Shifting fungal endophyte communities colonize Bouteloua gracilis: effect of host tissue and geographical distribution

TitleShifting fungal endophyte communities colonize Bouteloua gracilis: effect of host tissue and geographical distribution
Publication TypeJournal Article
Year of Publication2010
AuthorsHerrera, J, Khidir, HH, Eudy, DM, Porras-Alfaro, A, Natvig, DO, Sinsabaugh, RL
Pagination1012 -1026
Accession NumberKNZ001418
KeywordsBouteloua gracilis, dark septate endophytes, endophytic fungi, grassland fungi, Grasslands National Park, Janos, Konza Prairie, Llanos de Ojuelos, Sevilleta, Wind Cave National Park

Communities of root-associated fungi (RAF) commonly have been studied under the auspices of arbuscular mycorrhizal fungi (AMF) or ectomycorrhizal fungi. However many studies now indicate that other groups of endophytic RAF, including dark septate endophytes (DSE) are more abundant in some plants and environments. The common forage grass, Bouteloua gracilis, was used as a model to examine whether RAF also colonize different organs within the same plant and to compare RAF communities from sites across North America, spanning the latitudinal range of B. gracilis (from Canada to Mexico). We compared the RAF communities of organs within individual plants at one site and within plant roots among six sites. With the possible exception of one group related to genus Paraphaeosphaeria there was little evidence that RAF colonized vertically beyond the crowns.

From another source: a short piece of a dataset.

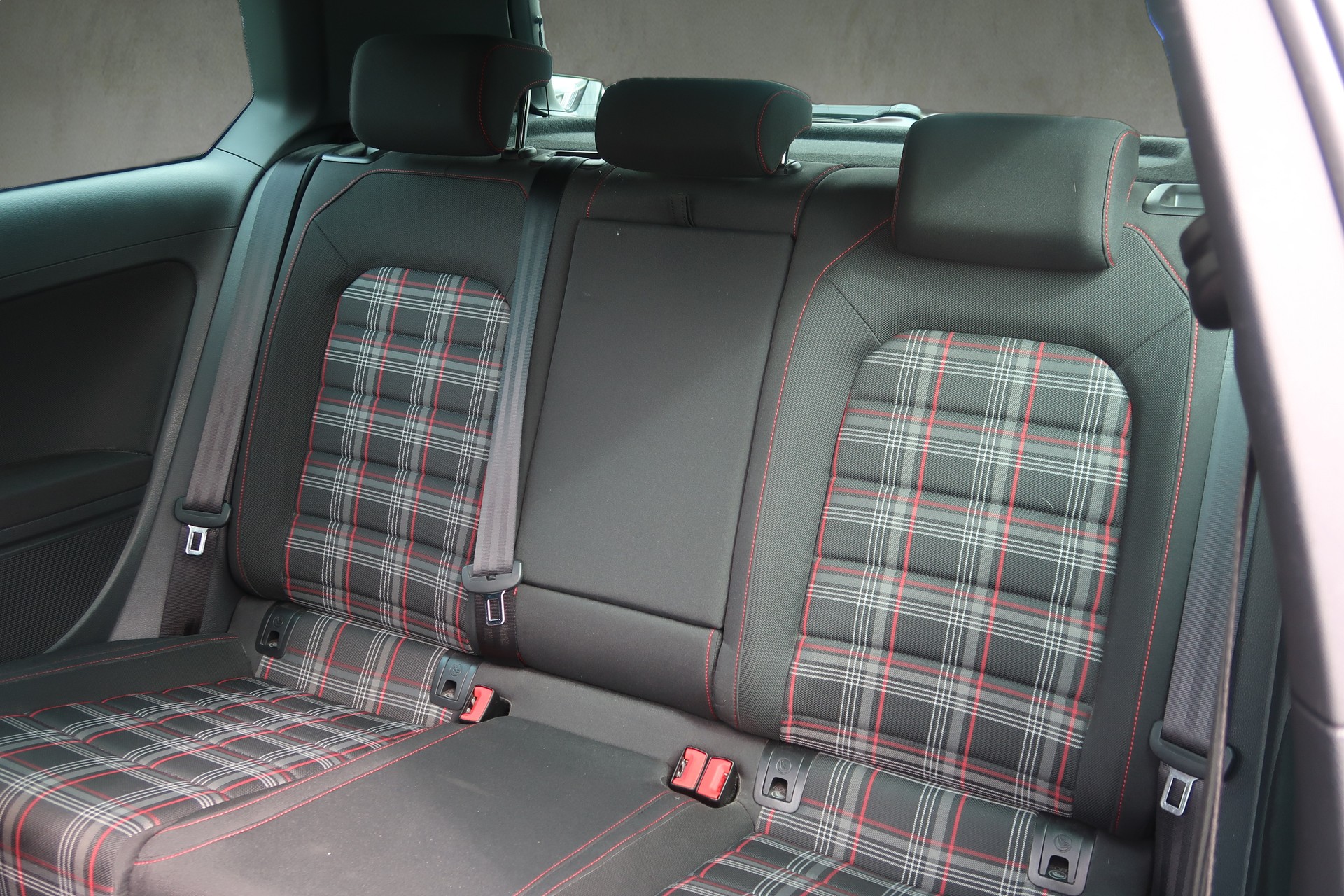 VW Golf 2.0 TSI GTI DSG-image-12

Furthermore, although there was some variation in the constitution of rare members of the RAF communities, several taxonomically related groups dominated the RAF community at all sites. These dominant taxa included members in the Pleosporales (related to the DSE, Paraphaeosphaeria spp.), Agaricales (related to Moniliophthora spp., or Campanella spp.) and Hypocreales (related to Fusarium spp.). AMF were notable by their near absence. Similar phylotypes from the dominant groups clustered around adjacent sites so that similarity of the RAF communities was negatively correlated to site inter-distance and the RAF communities appeared to group by country. These results increase the possibility that at least some of these common and widely distributed core members of the RAF community form important, intimate and long lasting relationships with grasses.